From Childhood, personal narratives were my favorite reading. Biographies were the only portions of The Book I really studied, even while committing to memory thousands of its verses. Its pure precepts were mentally assented to, but the DEEDS of its illustrious character awoke love and profound veneration. Nor is this feeling confined to youth. Most of us cherish towards worthy personages of every age the sentiment of Sir Wiliam Jones--

"Around thy mystic altar, heavenly Truth!
I kneel in manhood as I knelt in youth;
There let me kneel till this dull form decay,
And life's last shade be brightened by the ray;
Then shall my soul, now lost in clouds below,
Soar without bound; without consuming, glow."

On my mother's side--see page 118--ancestors had been traced back about 800 years. (The late Dea.

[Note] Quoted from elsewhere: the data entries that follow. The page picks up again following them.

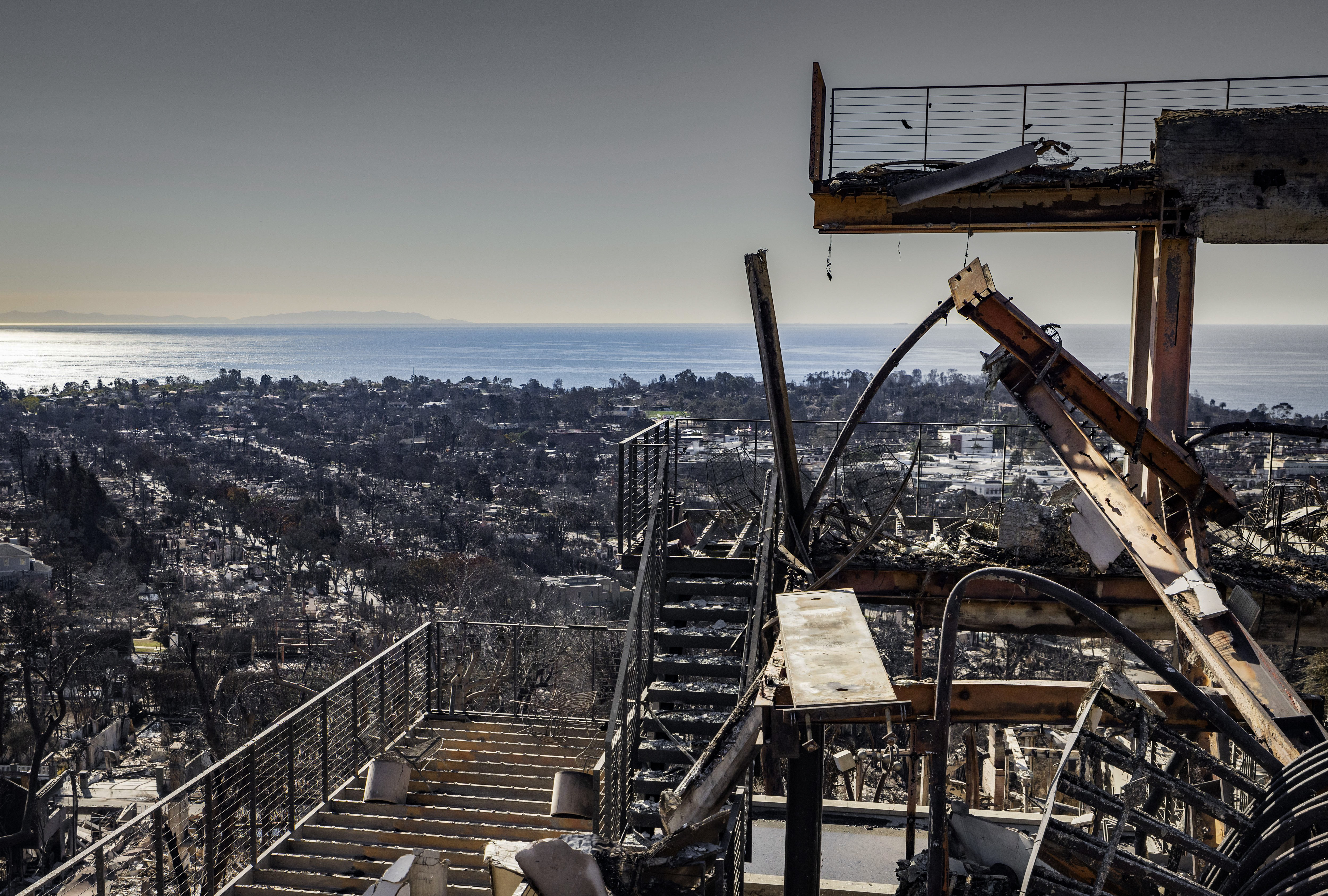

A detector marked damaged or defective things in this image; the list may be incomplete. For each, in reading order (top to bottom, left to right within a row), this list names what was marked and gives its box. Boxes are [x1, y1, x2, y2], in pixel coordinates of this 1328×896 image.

rusted steel beam [802, 63, 823, 182]
rusted steel beam [749, 248, 807, 536]
rusted steel beam [797, 297, 956, 528]
charred wood beam [797, 295, 956, 533]
rusted steel beam [946, 259, 1243, 525]
rusted metal bracket [946, 259, 1243, 525]
rusted steel beam [993, 350, 1323, 765]
rusted metal bracket [993, 353, 1323, 770]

Lewis Mills Norton, of Goshen, had a record of a thousand descendants of David Norton, and a Norton Genealogy was projected by C. B. Norton of New York before the Rebellion.) On my father's side, I knew of no records; none of his kin lived near; and he was too much and too earnestly absorbed in his high calling to spend much time on mere personal matters. His written religious experience, now in my hands, contains most of the information obtained though him. But I began early to put on paper every fact or scrap of a hint I heard or saw respecting his family.

The four brothers-- and especially Walt and Jesse, the two younger, kept up ther acquaintance. Dolly, Betsey, and Avis had died; but of Abigail and Susan--the two sister remaining--my father knew nothing since William and Abigail Mitchell left Central New York, over fifty years ago, to hew out a home for themselves in the wilds of the then extreme West. He and his brothers Wait and Gideon sighed to hear from their favorite "Nabby;" but one after another they passed away without knowing that she had crossed the Jordan of death over thrity years before them.

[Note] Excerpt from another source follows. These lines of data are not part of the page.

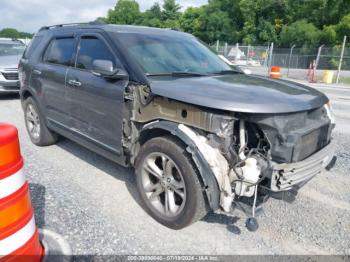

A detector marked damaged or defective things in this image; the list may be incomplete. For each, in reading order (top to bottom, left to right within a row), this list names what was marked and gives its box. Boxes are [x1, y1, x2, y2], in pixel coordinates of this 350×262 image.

dented hood [149, 74, 330, 114]
damaged suv [19, 23, 336, 230]
crumpled front bumper [270, 140, 336, 191]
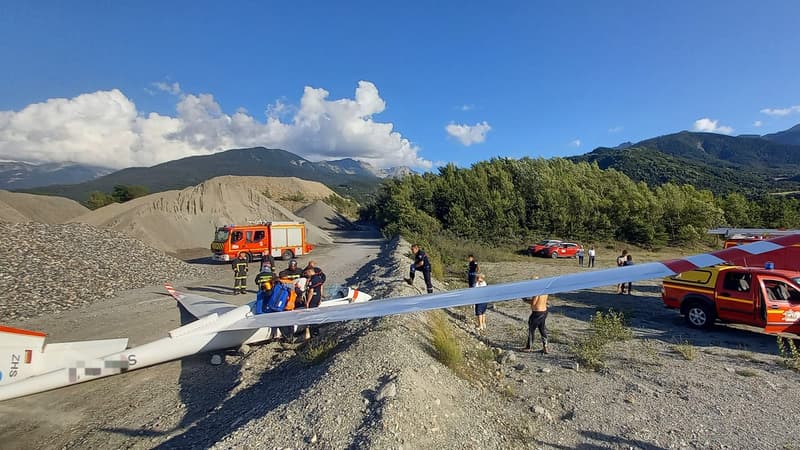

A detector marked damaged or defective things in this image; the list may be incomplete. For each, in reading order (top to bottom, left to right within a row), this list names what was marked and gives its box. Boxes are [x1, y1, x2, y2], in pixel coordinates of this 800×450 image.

crashed glider [1, 236, 800, 400]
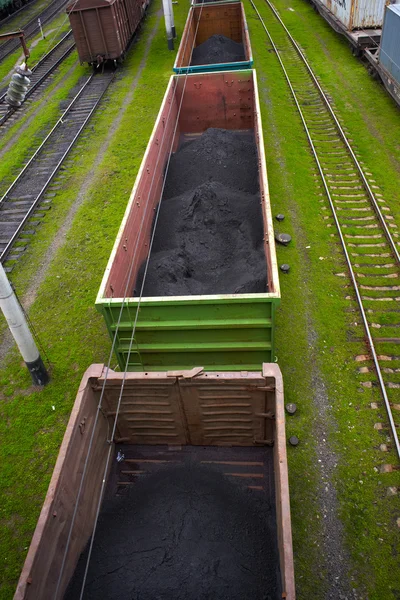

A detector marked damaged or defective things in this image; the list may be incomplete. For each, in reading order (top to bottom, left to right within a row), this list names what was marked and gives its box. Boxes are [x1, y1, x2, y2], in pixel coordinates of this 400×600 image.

rusty wagon interior [100, 70, 276, 302]
rusty wagon interior [14, 364, 294, 596]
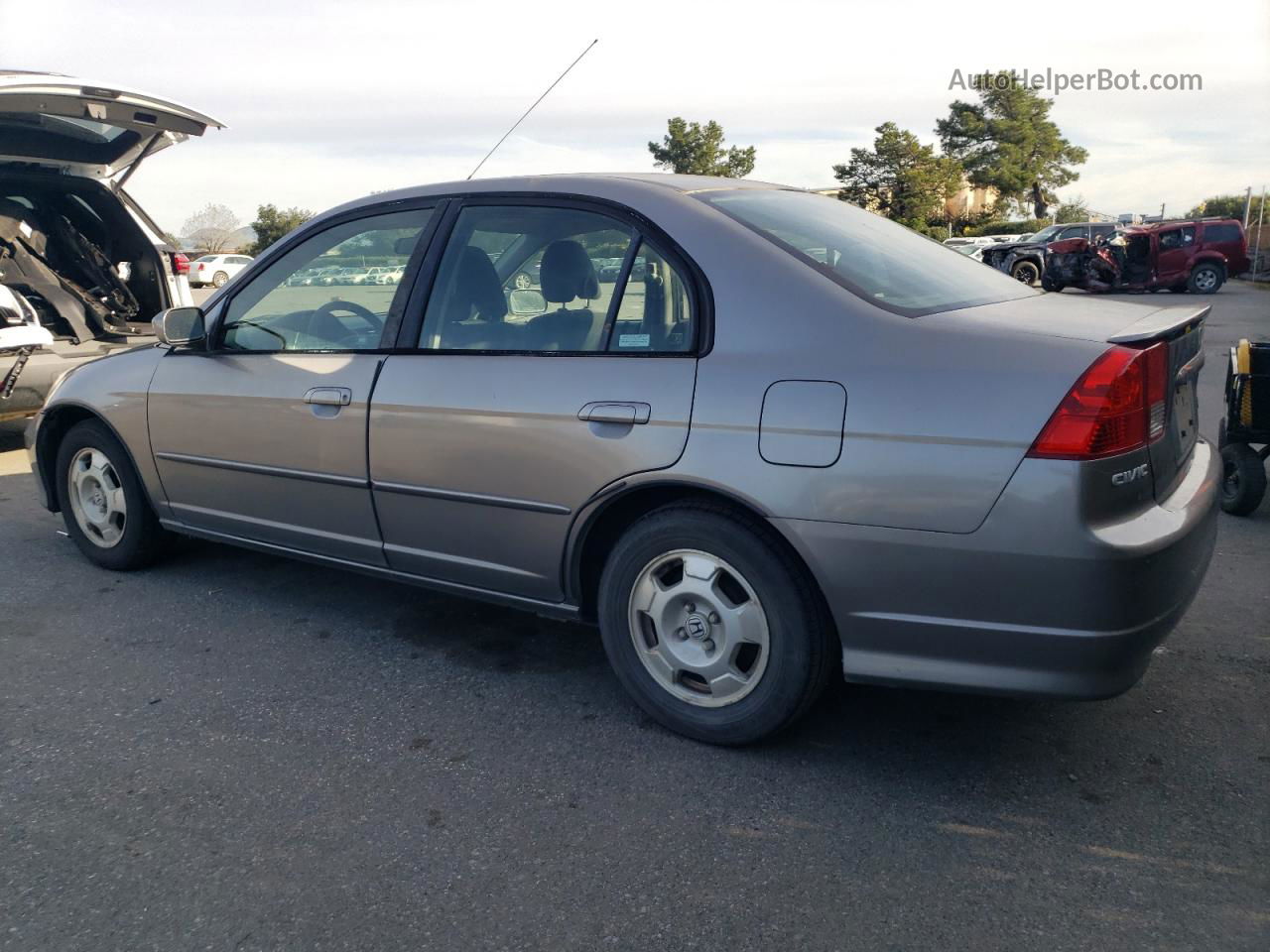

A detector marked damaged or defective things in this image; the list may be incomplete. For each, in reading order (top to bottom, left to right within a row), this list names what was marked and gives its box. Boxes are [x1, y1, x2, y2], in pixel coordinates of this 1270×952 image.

white damaged suv [0, 69, 223, 420]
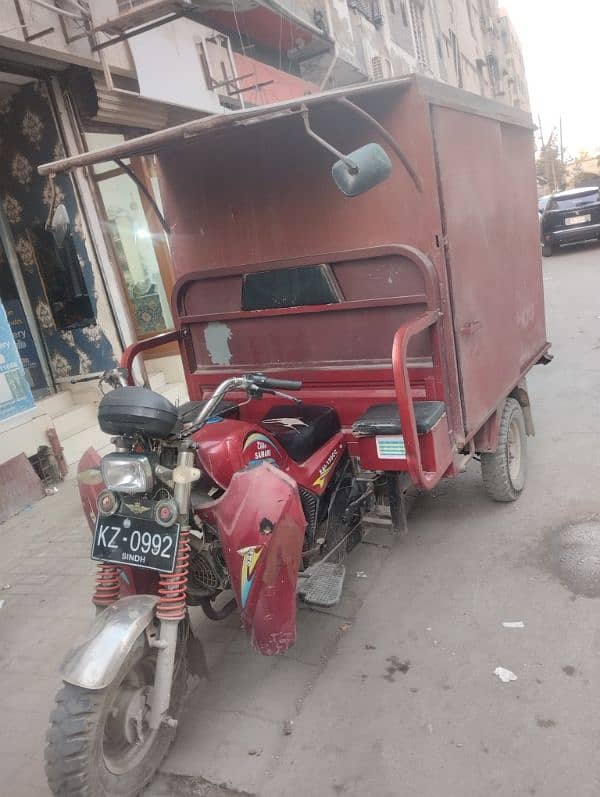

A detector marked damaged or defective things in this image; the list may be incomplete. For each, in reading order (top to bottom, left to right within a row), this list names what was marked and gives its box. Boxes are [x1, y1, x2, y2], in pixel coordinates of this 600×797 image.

rusty metal surface [0, 450, 44, 524]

The Mitchell family (p. 53 to 72) were cut off from any knowledge of their Worden kindred for half a century. Of course, they often talked about those they had left behind in "the East." They mourned particulary the loss of "uncle Jesse," (p. 108). He had visited them in New York, while yet emaciated from camp fever: he sang so pleasantly that the children cried when he left, for their mother thought him dying with consumption, and so they long counted him among the early dead--not knowing that he was for forty years afterwards a robust man of 200 pounds wieght!

During these fifty years of isolation from their kindred, the Mitchell family record had made the extraordinary gain of over 300, so that they never lacked for company. Over fourteen years past, descendants of William and Abigail Mitchell, and of John and Jane Worden --double cousins-- had dwelt in neighboring towns, ignorant of each others' existence. Several had passed each others' residences, and transacted business in the same places, without recogniton.

A portion of the families of Gideon, Avis, Wait and Jesse made occassional visits together, and wrote letters -- but all the others were strangers for years. We knew the names of our grandfather's family -- that he had brothers Nathan and Joseph in Vermont, and an uncle Peter in Massachusetts --see p. 122, 133-- but beyond that we knew next to nothing of our kindred or of our ancestry.